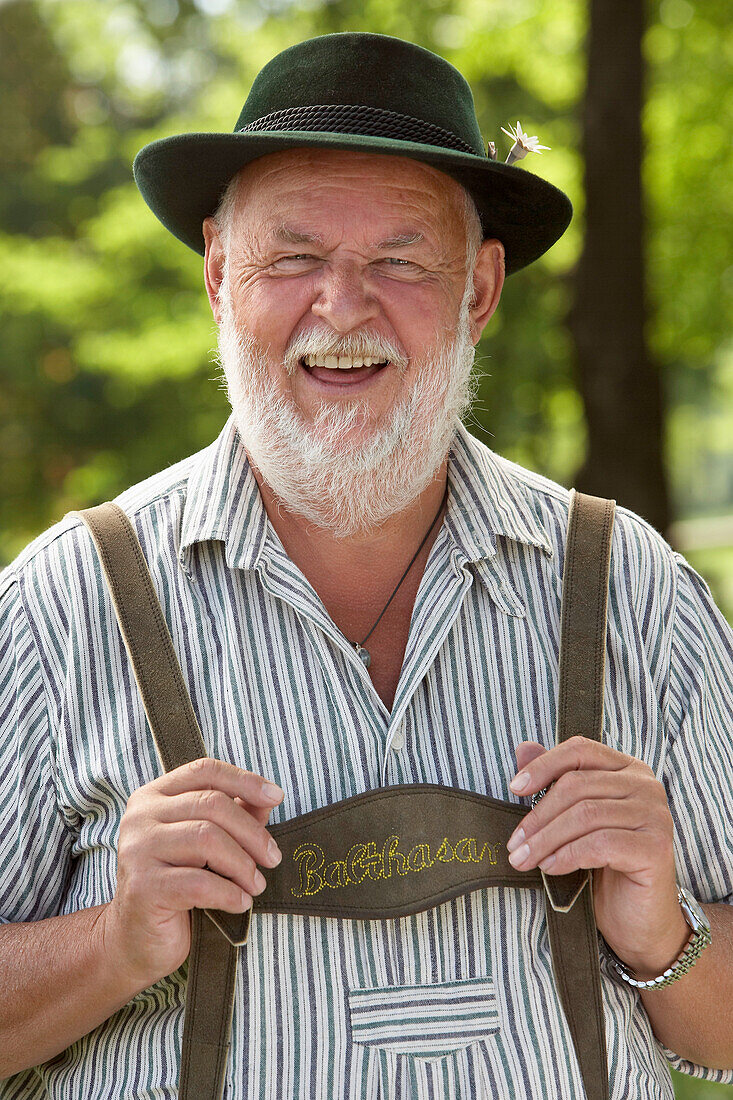 Mature man laughing at camera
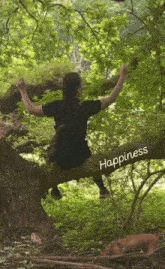 a person sitting on a tree branch with the word happiness written on it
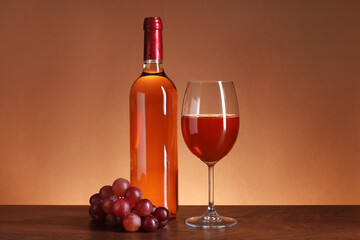 Rose wine in glass, bottle and grapes on wooden table against brown background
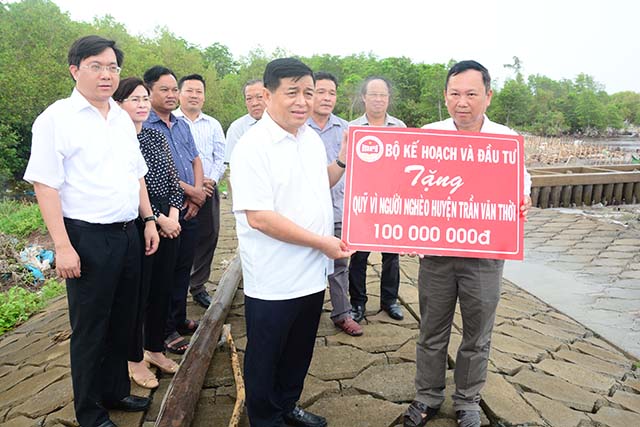 Bộ trưởng Bộ Kế hoạch và Đâu tư Nguyễn Chí Dũng trao tượng trưng tiền để hỗ trợ cho người nghèo huyện Trần Văn Thời.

========================================================================

*EXERCISE DIRECTIONS*
Every line above should be copied exactly; do not carry over the pictures.

*SOLUTION TO THE EXERCISE*
 Mature man laughing at camera
 a person sitting on a tree branch with the word happiness written on it
 Rose wine in glass, bottle and grapes on wooden table against brown background
 Bộ trưởng Bộ Kế hoạch và Đâu tư Nguyễn Chí Dũng trao tượng trưng tiền để hỗ trợ cho người nghèo huyện Trần Văn Thời.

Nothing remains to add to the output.